TASK REQUIREMENTS — The line with "LAMPADA TAVOLO RESINA" through the last line of the entries: give these again exactly, and only these, without any pictures.

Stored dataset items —
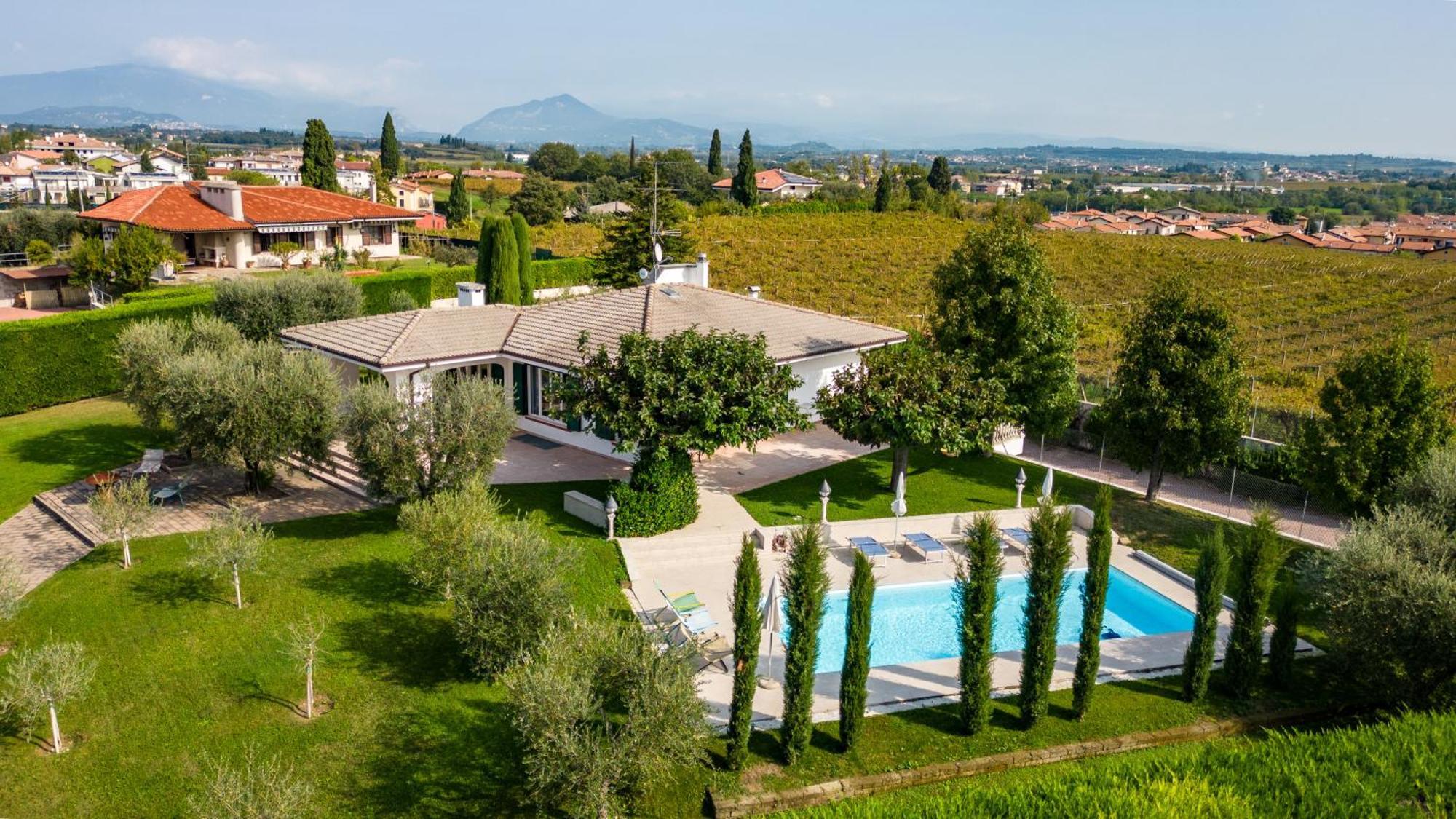 Villa Carini With 3000 Mq Garden & Heated Pool Кастельнуово-дель-Гарда Экстерьер фото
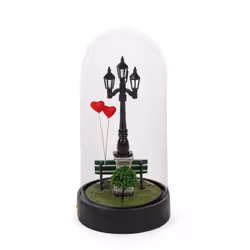 LAMPADA TAVOLO RESINA MY LITTLE VALENTINE MARCANTONIO SELETTI 10469 Una panchina, la luce soffusa dei lampioni, i palloncini: ...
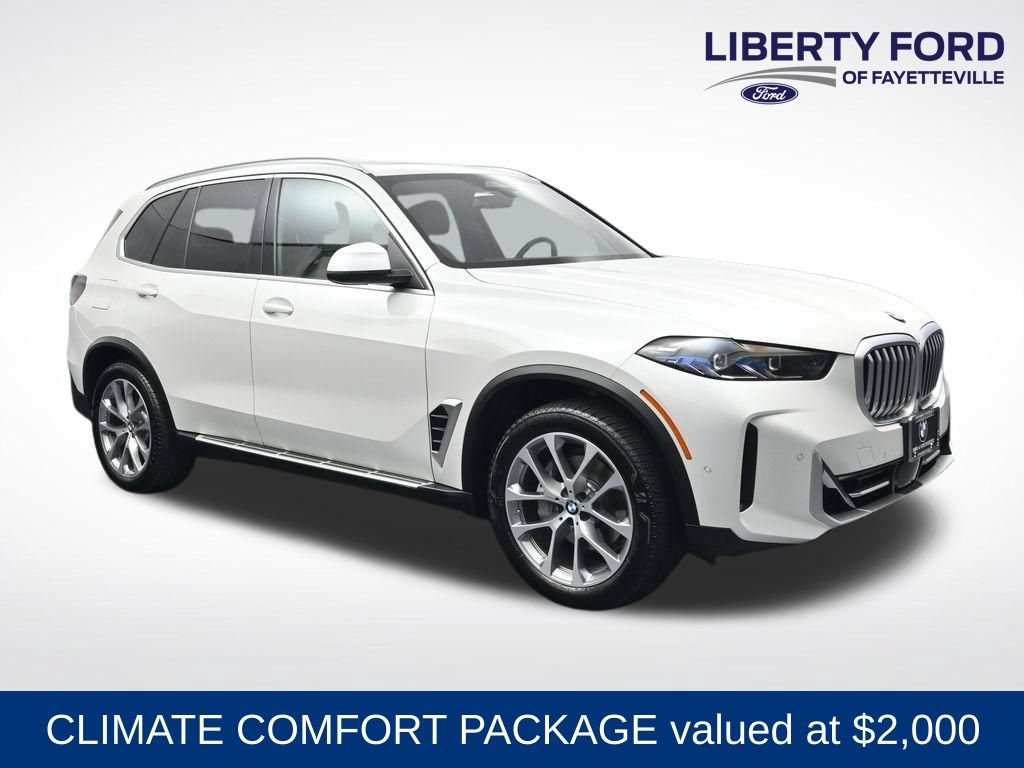 Used 2025 BMW X5 xDrive40i AWD/4WD image 1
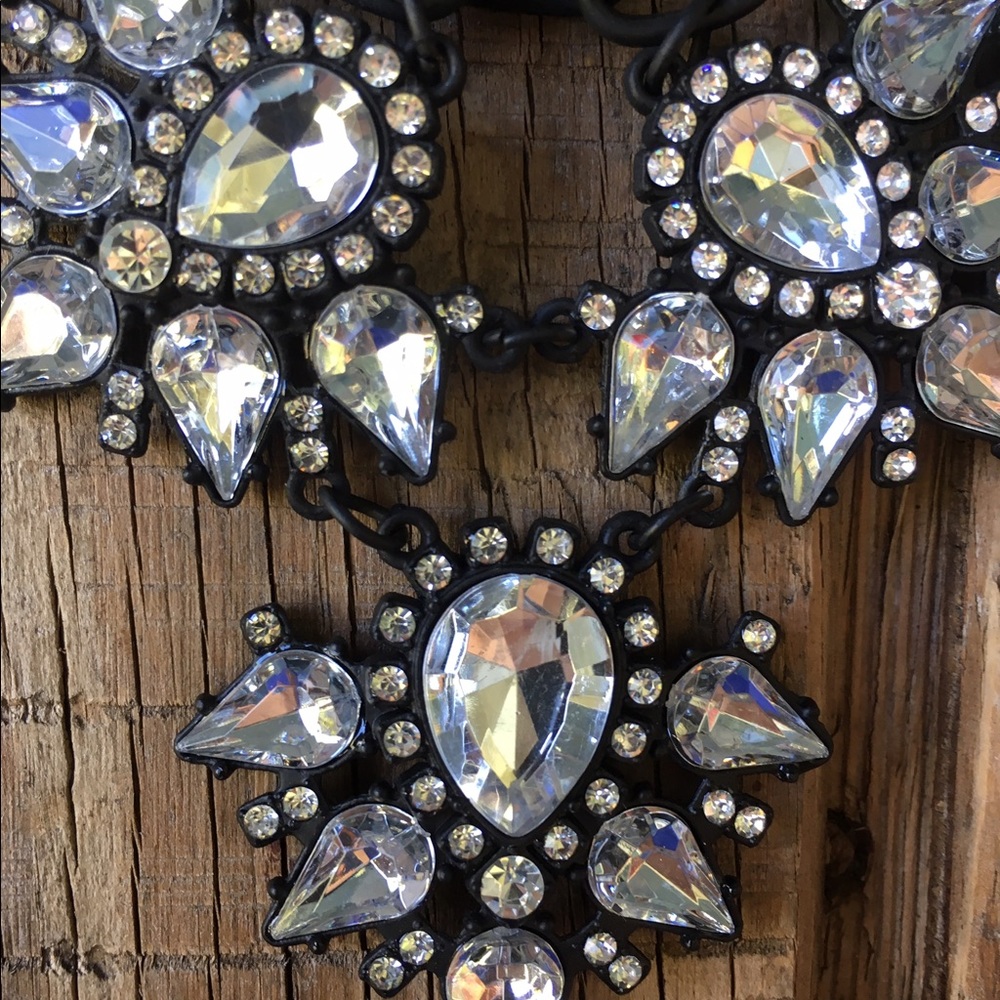 Statement necklace - Picture 3 of 5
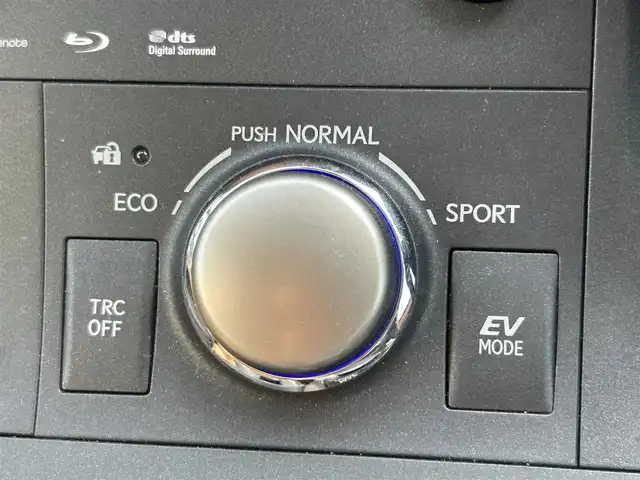 レクサス ＣＴ 200h バージョンC 和歌山県 2014(平26)年 8.6万km レッドマイカクリスタルシャイン 純正ナビ/Bluetooth/バックカメラ/フルセグTV/DISC再生可/クルーズコントロール/パドルシフト/レザーシート/ステアリングスイッチ/前席シートヒーター/コーナーセンサー/革巻きステアリング/D席メモリーシート/LEDライト/フォグランプ/革巻きステアリング/純正フロアマット/サイドバイザー/ETC/純正16インチアルミホイール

RESULT FOR THIS EXERCISE —
 LAMPADA TAVOLO RESINA MY LITTLE VALENTINE MARCANTONIO SELETTI 10469 Una panchina, la luce soffusa dei lampioni, i palloncini: ...
 Used 2025 BMW X5 xDrive40i AWD/4WD image 1
 Statement necklace - Picture 3 of 5
 レクサス ＣＴ 200h バージョンC 和歌山県 2014(平26)年 8.6万km レッドマイカクリスタルシャイン 純正ナビ/Bluetooth/バックカメラ/フルセグTV/DISC再生可/クルーズコントロール/パドルシフト/レザーシート/ステアリングスイッチ/前席シートヒーター/コーナーセンサー/革巻きステアリング/D席メモリーシート/LEDライト/フォグランプ/革巻きステアリング/純正フロアマット/サイドバイザー/ETC/純正16インチアルミホイール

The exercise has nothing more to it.